• Activity
Using the data below, restate exactly every line from the one with "And then once" up to and including the one with "We're going to". No picture belongs in it.

• Exercise inputs
=====

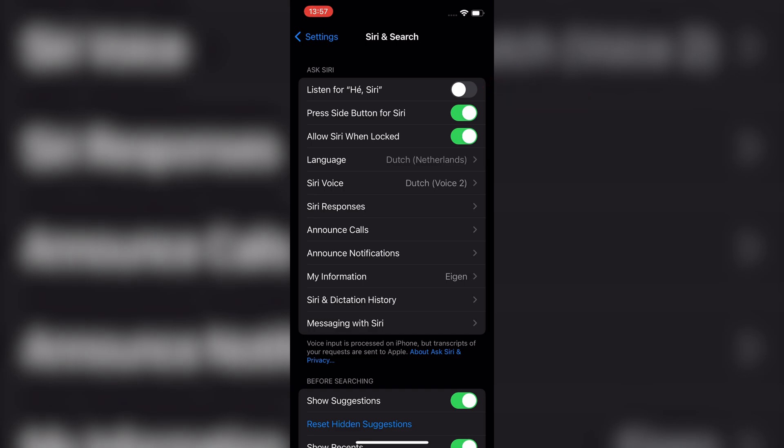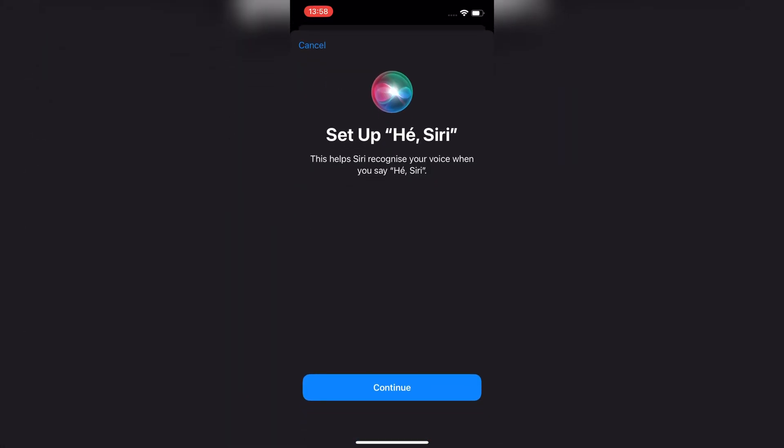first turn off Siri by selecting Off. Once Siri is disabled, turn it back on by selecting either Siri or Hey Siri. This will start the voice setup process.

=====

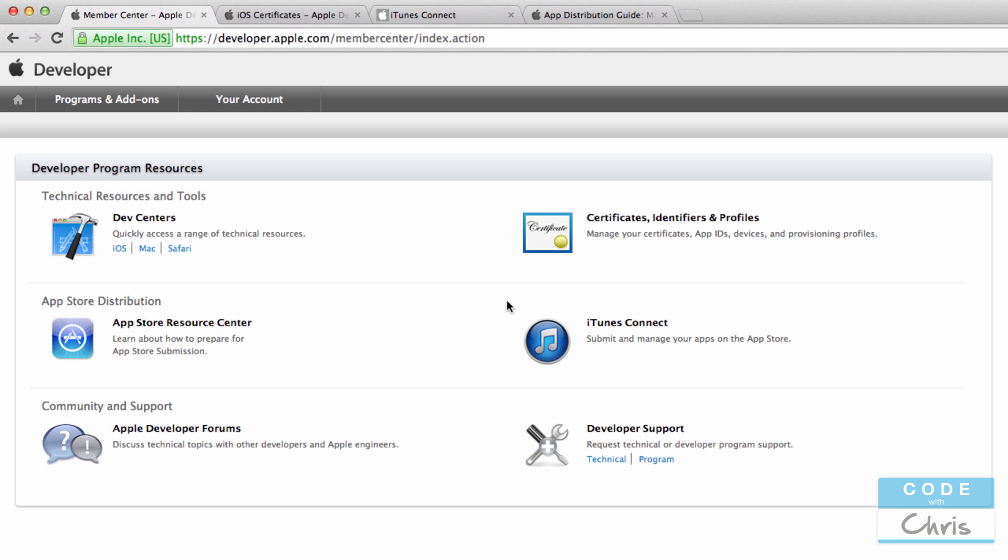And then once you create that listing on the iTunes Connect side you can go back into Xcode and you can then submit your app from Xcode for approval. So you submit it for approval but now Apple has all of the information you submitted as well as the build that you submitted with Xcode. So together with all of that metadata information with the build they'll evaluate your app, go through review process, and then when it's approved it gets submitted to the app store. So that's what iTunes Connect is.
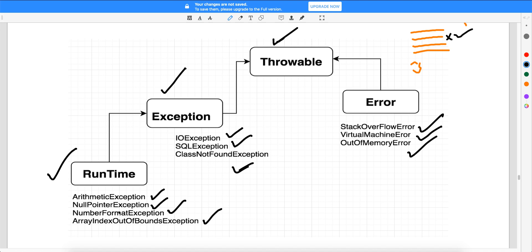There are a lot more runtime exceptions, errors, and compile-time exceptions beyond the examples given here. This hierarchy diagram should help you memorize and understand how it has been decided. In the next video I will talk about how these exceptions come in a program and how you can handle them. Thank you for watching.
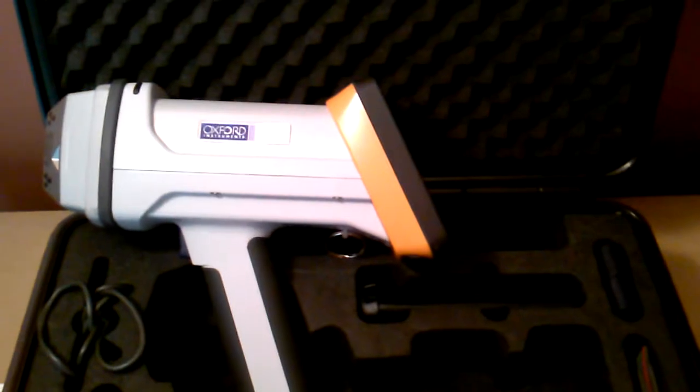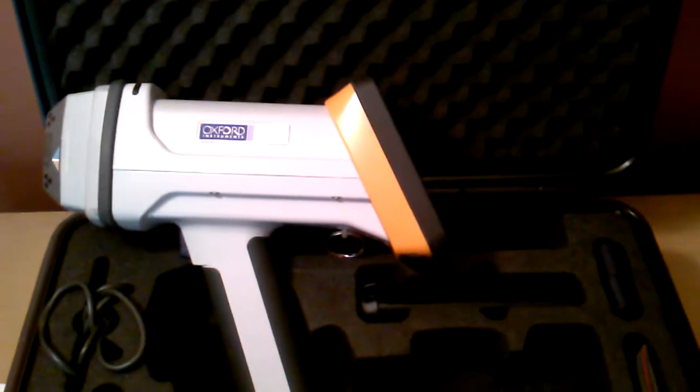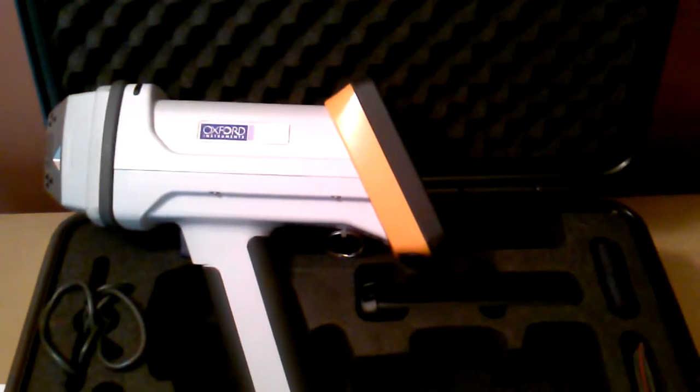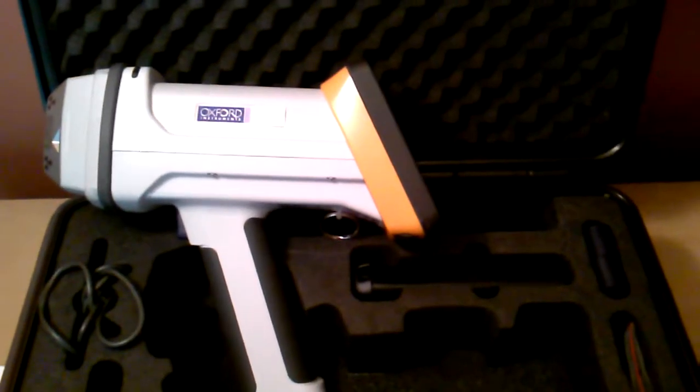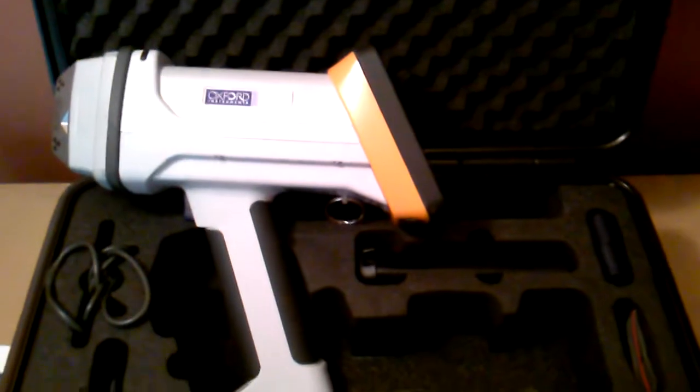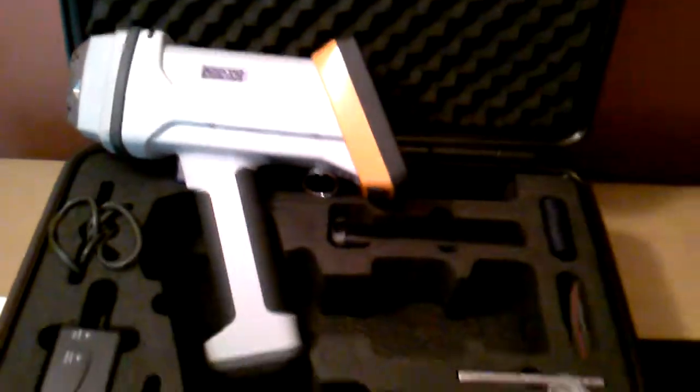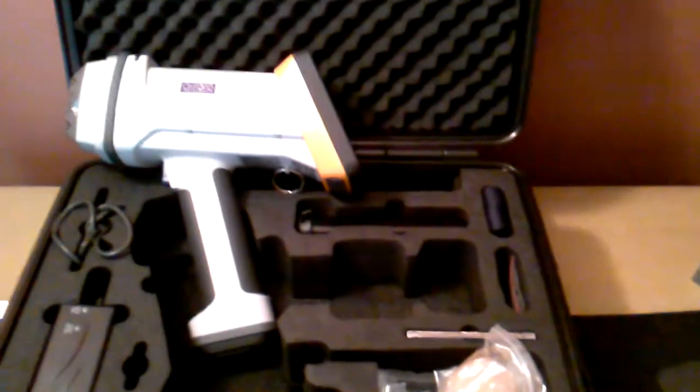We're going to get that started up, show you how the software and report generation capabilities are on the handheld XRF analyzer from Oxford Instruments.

=====

• Solution
And then once you create that listing on the iTunes Connect side you can go back into Xcode and you can then submit your app from Xcode for approval. So you submit it for approval but now Apple has all of the information you submitted as well as the build that you submitted with Xcode. So together with all of that metadata information with the build they'll evaluate your app, go through review process, and then when it's approved it gets submitted to the app store. So that's what iTunes Connect is.
There are a lot more runtime exceptions, errors, and compile-time exceptions beyond the examples given here. This hierarchy diagram should help you memorize and understand how it has been decided. In the next video I will talk about how these exceptions come in a program and how you can handle them. Thank you for watching.
We're going to get that started up, show you how the software and report generation capabilities are on the handheld XRF analyzer from Oxford Instruments.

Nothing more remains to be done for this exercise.